Desenvolvido por Márcio Lopes, o vinho parte de uma ideia concreta: perceber como poderá o Douro preservar frescura, equilíbrio e capacidade de envelhecimento num cenário climático progressivamente mais quente. A terceira edição, correspondente à colheita de 2023, deverá chegar ao mercado até ao final do ano, mantendo a linha de adaptação climática que define o projeto desde a origem.
Proibido Déjà Vu e as castas de ciclo longo
A estrutura do lote assenta em castas como Tinta da Barca, Alvarelhão, Touriga Nacional e Tinta Roriz, proveniente de uma vinha com quase 90 anos. A escolha recai sobre variedades de ciclo longo, cuja maturação lenta permite preservar acidez natural e estabilidade, fatores considerados essenciais para a longevidade dos vinhos do Douro.
Segundo Márcio Lopes, algumas castas tradicionalmente associadas à região começam a perder capacidade de resposta perante verões mais quentes e amplitudes térmicas mais acentuadas. A seleção de vinhas velhas e castas resistentes resulta, por isso, de uma observação contínua da evolução climática do território.
No universo Proibido, o conceito Déjà Vu aproxima-se da antecipação. O vinho procura refletir aquilo que poderá vir a ser o perfil do Douro nas próximas décadas, mantendo profundidade, frescura e identidade regional sem recorrer a excessos de maturação ou intervenções corretivas em adega.

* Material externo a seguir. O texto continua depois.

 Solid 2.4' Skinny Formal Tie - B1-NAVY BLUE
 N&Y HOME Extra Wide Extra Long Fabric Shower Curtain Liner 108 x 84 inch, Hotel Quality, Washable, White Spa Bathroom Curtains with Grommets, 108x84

Vinhas velhas, altitude e equilíbrio
As uvas utilizadas no Proibido Déjà Vu provêm de diferentes subzonas do Douro, incluindo Foz Côa, Nagozelo do Douro e Vale de Mendiz, em vinhas situadas entre os 150 e os 550 metros de altitude. A diversidade de exposição, altitude e solos contribui para um perfil simultaneamente encorpado e preciso, onde estrutura e tensão procuram coexistir.
Na adega, a intervenção é reduzida ao essencial. Vindima manual, transporte em pequenas caixas, fermentações lentas e estágio em barricas usadas fazem parte de um processo orientado para preservar a expressão das vinhas e a identidade do terroir.

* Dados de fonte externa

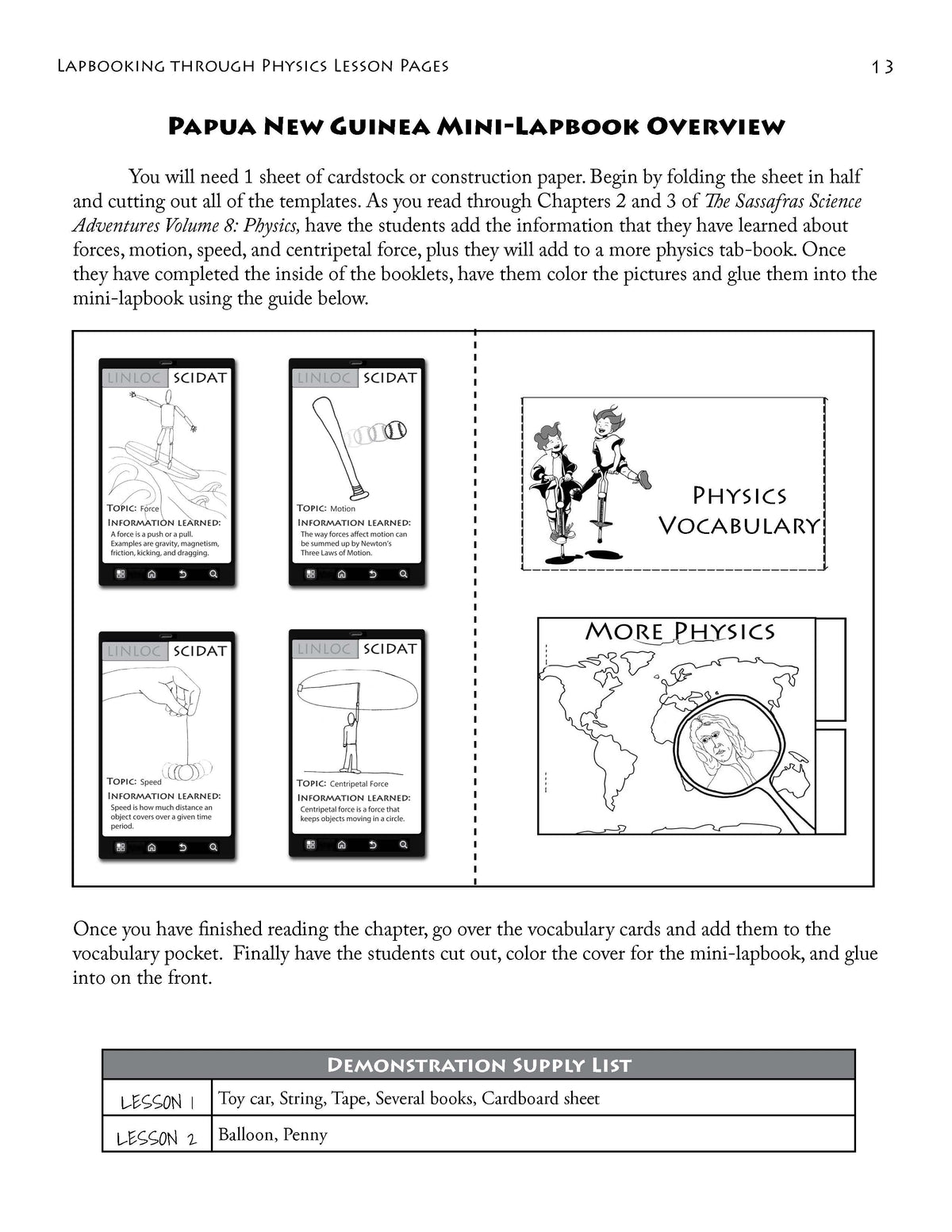 Lapbooking through Physics with the Sassafras Twins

Fundado em 2010, o projeto Márcio Lopes Winemaker desenvolve no Douro a marca Proibido em articulação com pequenos viticultores parceiros e vinhas próprias. Além da Quinta do Pombal, em Vila Nova de Foz Côa, o produtor adquiriu em 2024 a Quinta do Malhô, em Ervedosa do Douro, reforçando a presença na região.
O Proibido mantém assim uma ligação direta à evolução do Douro contemporâneo. Já o Déjà Vu assume-se como reflexão sobre a capacidade da região continuar a produzir vinhos equilibrados, frescos e preparados para envelhecer num contexto climático em mudança.